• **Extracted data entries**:
........
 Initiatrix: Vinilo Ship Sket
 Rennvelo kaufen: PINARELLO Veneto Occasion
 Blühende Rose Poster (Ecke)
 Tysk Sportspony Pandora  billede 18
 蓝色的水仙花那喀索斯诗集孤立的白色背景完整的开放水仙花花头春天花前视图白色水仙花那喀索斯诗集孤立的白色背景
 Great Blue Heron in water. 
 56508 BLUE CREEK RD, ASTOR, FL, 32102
........
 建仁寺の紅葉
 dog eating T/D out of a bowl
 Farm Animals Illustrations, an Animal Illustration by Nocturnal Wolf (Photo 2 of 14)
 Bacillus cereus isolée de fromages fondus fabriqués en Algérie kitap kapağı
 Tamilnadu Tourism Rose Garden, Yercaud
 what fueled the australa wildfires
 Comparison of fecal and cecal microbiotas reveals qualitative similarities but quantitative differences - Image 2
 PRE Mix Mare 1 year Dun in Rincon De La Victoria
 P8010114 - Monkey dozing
........
• **What you will do**:
Copy the entries above exactly, but only from the line holding "what fueled the australa wildfires" through the line holding "P8010114 - Monkey dozing", both included.

• **Task solution**:
 what fueled the australa wildfires
 Comparison of fecal and cecal microbiotas reveals qualitative similarities but quantitative differences - Image 2
 PRE Mix Mare 1 year Dun in Rincon De La Victoria
 P8010114 - Monkey dozing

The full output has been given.